Canada’s Drug Free Kids has rolled out a harrowing PSA campaign that it hopes will make teens think twice about smoking marijuana before getting behind the wheel.

The crux of the campaign is a two-minute film called “The Call That Comes After” that follows a fairly predictable story arc, at least as far as PSAs go. In the spot, a “goody two shoes” girl decides to get into the car with her crush even though he’s been smoking pot. While she’s texting in the passenger’s seat, he turns up the radio and zones out for a bit, which causes him to crash into another vehicle. The spot ends with a cracked phone screen that shows frantic texts from the girl’s mother.

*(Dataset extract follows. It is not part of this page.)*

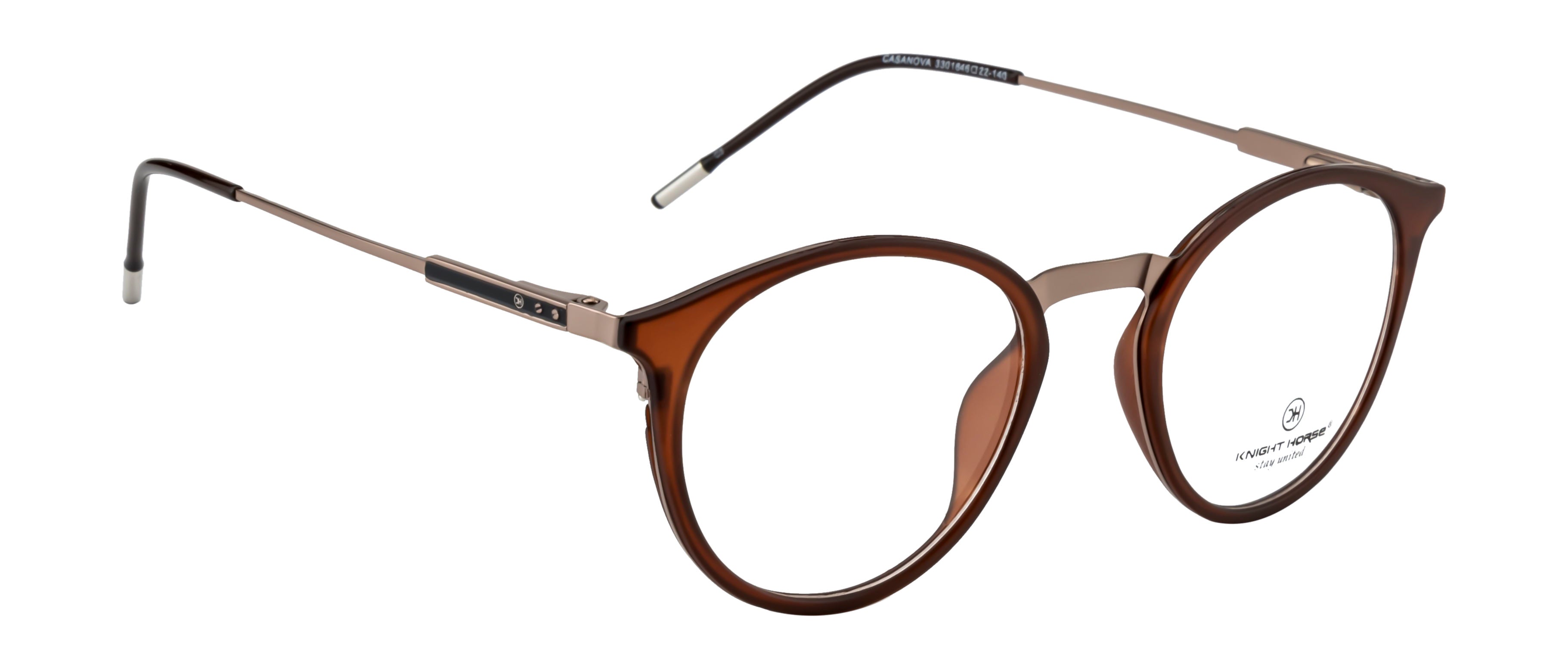 Round Brown Tr Metal Frame With Spring - Timeless Elegance Eyewear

While the spot itself isn’t particularly noteworthy, the twist is that parents who email their kids the video can trigger customized text messages to send right when their son or daughter is almost finished watching the PSA. So while the crash unfolds and the girl’s cracked phone appears onscreen, teens will receive actual “texts” from their mom or dad that say things like “Where are you?” and “I’m worried. Please call me.”

Parents can go to thecallthatcomesafter.com to fill out a form that will automatically email the video and subsequently send the texts once their child has started watching. While a flaw of the campaign is that the texts are sent from a random number and not the actual number of the parent who sent them, the effort does a good job of planting the viewer into the narrative of the story so they can experience firsthand the devastating impact that driving while high can have on loved ones.

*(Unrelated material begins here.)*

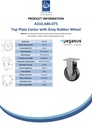 A310.A80.075 75mm fixed top plate 60x60mm castor with grey thermoplastic rubber on polypropylene centre plain bearing wheel 75kg - Spec sheet
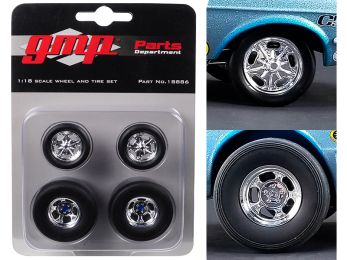 Wheels and Tires Set of 4 from Ohio Georgeâ€™s 1967 Ford Mustang Malco Gasser 1/18 by GMP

Created by Toronto-based FCB Six, the pro bono campaign is intended to start a conversation between parents and teens about the dangers of high driving. According to a study that was released in 2012, driving after marijuana use doubles one’s risk of getting into an accident.

“Research shows that parents are one of the biggest influence on their kids when it comes to drug abuse, so we took an approach of reaching out to parents directly to help get the message to their kids, with an innovative use of technology that we thought would best grab their kid’s attention,” said Vicki Waschkowski, managing director of FCB Six, in a statement.

According to the agency, the PSA’s technological tie-in was brought to life with help from IBM’s Marketing Cloud, Oracle Marketing Cloud, SMS, YouTube and an “on-demand video rendering engine.”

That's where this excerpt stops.